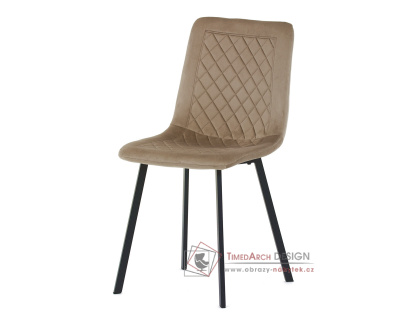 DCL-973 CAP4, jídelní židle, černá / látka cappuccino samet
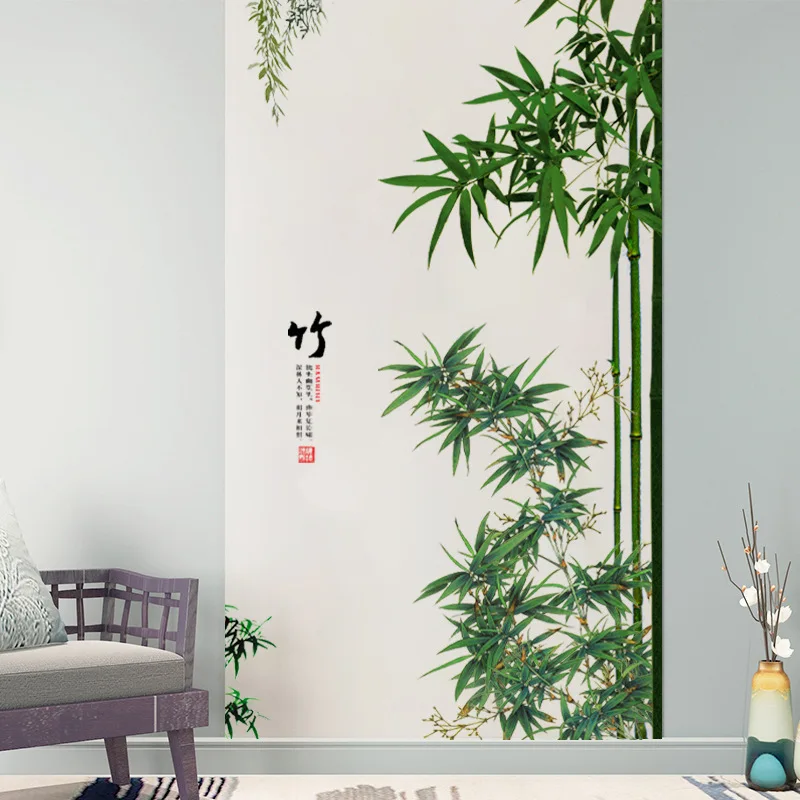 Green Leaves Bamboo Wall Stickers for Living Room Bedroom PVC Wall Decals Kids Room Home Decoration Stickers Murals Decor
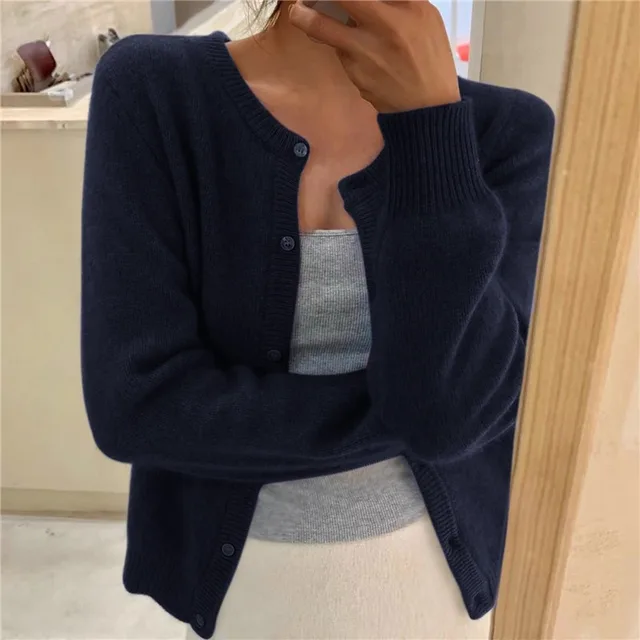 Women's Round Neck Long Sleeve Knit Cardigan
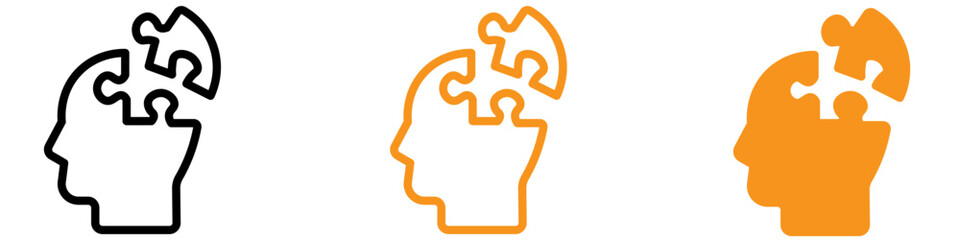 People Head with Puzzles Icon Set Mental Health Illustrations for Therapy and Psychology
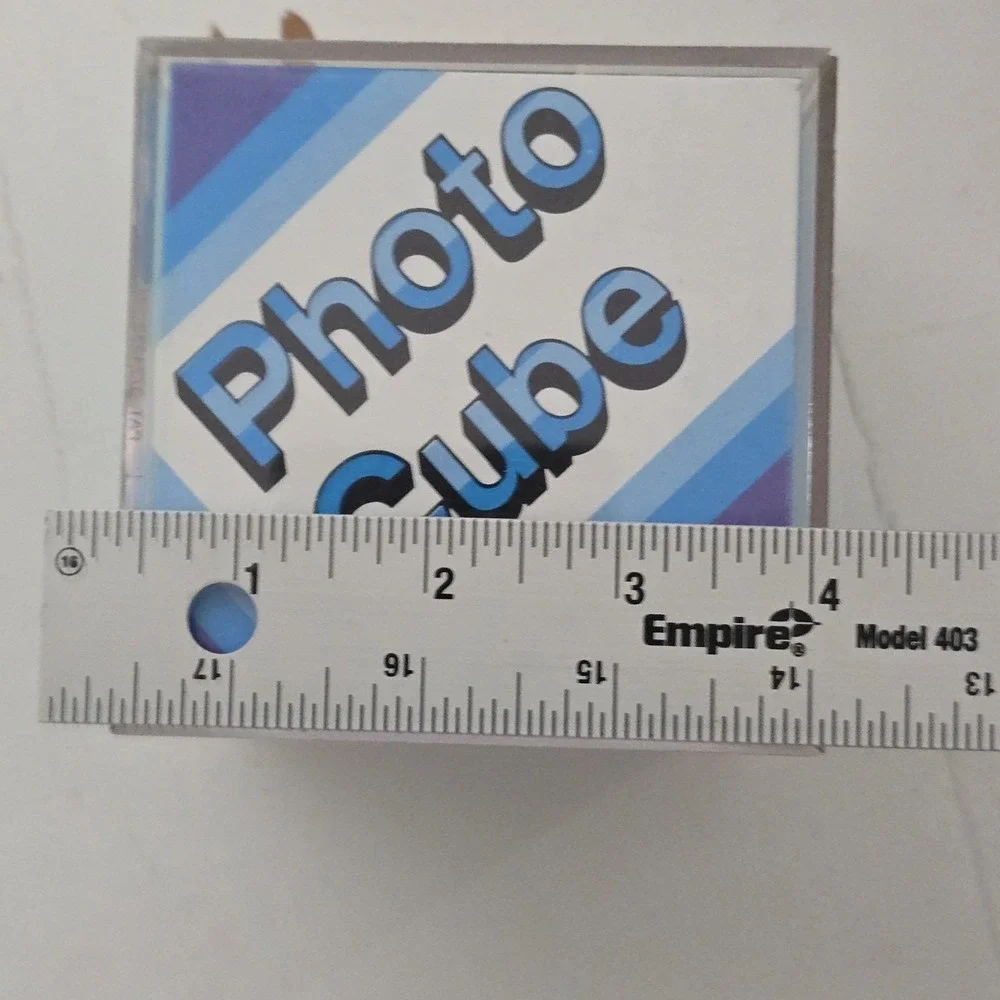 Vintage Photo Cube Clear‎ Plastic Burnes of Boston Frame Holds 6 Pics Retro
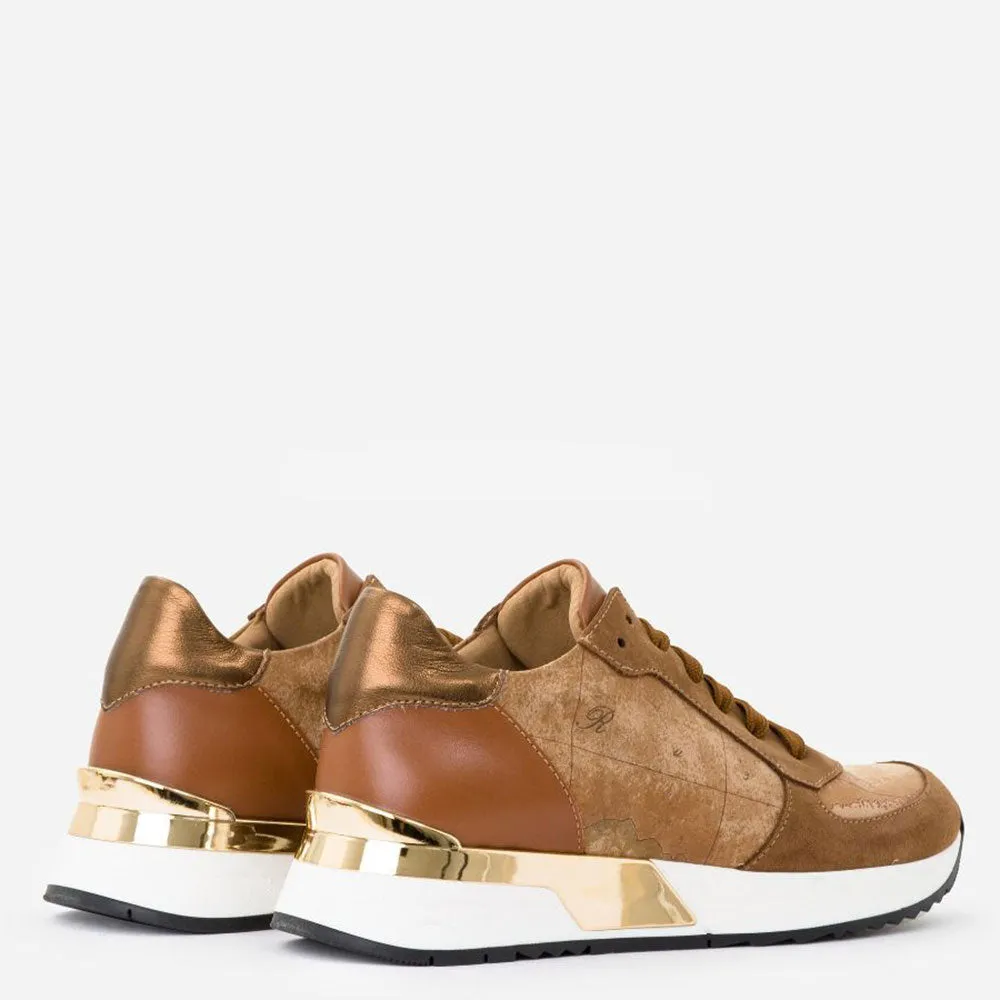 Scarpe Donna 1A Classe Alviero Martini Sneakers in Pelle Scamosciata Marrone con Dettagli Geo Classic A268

________

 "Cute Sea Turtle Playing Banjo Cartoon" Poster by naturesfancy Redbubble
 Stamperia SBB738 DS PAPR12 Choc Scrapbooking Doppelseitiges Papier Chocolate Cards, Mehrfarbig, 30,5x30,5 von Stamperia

________

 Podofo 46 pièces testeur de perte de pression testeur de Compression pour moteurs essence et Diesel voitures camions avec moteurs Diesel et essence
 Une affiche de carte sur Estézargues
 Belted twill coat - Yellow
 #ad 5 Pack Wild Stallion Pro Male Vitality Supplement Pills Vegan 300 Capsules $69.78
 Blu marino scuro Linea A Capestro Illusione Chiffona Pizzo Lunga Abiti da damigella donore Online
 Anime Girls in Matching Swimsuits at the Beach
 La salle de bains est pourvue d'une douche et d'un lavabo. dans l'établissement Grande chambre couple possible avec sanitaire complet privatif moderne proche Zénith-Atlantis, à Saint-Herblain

________

_Exercise_. Could you set down, word for word, only the lines above from the line with "Podofo 46 pièces" to the line with "La salle de", including both?

_Exercise solution_.
 Podofo 46 pièces testeur de perte de pression testeur de Compression pour moteurs essence et Diesel voitures camions avec moteurs Diesel et essence
 Une affiche de carte sur Estézargues
 Belted twill coat - Yellow
 #ad 5 Pack Wild Stallion Pro Male Vitality Supplement Pills Vegan 300 Capsules $69.78
 Blu marino scuro Linea A Capestro Illusione Chiffona Pizzo Lunga Abiti da damigella donore Online
 Anime Girls in Matching Swimsuits at the Beach
 La salle de bains est pourvue d'une douche et d'un lavabo. dans l'établissement Grande chambre couple possible avec sanitaire complet privatif moderne proche Zénith-Atlantis, à Saint-Herblain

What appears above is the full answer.